TORONTO – Labrador Iron Mines Holdings Ltd. (TSX:LIM) had a $31.7-million net loss in its second quarter, or 47 cents per share — falling well short of analyst estimates.

The lncreased loss and lower-than-expected revenue was attributed to a 33 per cent decline in iron ore prices amid a slowing global economy and lower demand.

The company recognized $33 million of revenue during the July-September quarter, down from $38 million in the previous quarter.

A consensus estimate compiled by Thomson Reuters called for a loss of 32 cents per share, on an adjusted basis, and $51.8 million of revenue.

Labrador Iron’s year-earlier results are less relevant than the quarter-to-quarter performance since its James mine was still ramping up in the comparable period last year and had no revenue then.

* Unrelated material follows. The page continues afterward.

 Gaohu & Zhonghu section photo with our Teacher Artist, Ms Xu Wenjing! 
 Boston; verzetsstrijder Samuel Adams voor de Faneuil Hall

LIM posted a $10.5 million loss from May-June this year, or 16 cents per share, and a $7 million loss or 13 cents per share in the July-September period in 2011.

The Toronto-based company expects to make one last shipment for the 2012 operating season — the tenth — before shutting down for the winter

It says the spring startup planned for next April will depend on LIM’s confidence that the spot price will be US$110 per tonne or higher for the 2013 season.

Labrador Iron has been reselling its ore on the Chinese spot market through the Rio Tinto marketing organization.

The company announced in September that it had reviewed its 2012 capital spending plan and deferred work on the Silver Yards procession plant and development of the Houston iron deposit.

The company said at the time that about $52 million of capital investment would be deferred into 2013 and the 2012 exploration program had been reduced to $5.3 million, in order to conserve LIM’s cash reserves.

It said Thursday it had completed a $30-million equity financing in November but hasn’t concluded any agreements for the sale of any iron ore beyond 2012.

“The company continues to review its options for marketing its iron ore production in future years and is evaluating the optimum route to achieve these sales, while still maintaining maximum flexibility and independence,” the company said in a management analysis accompanying its financial report.

“Marketing discussions are continuing with potential customers, both in Europe and in Asia and the company is also continuing discussions with a number of internationally recognized commodity traders with specialist knowledge of the iron and steel industry.”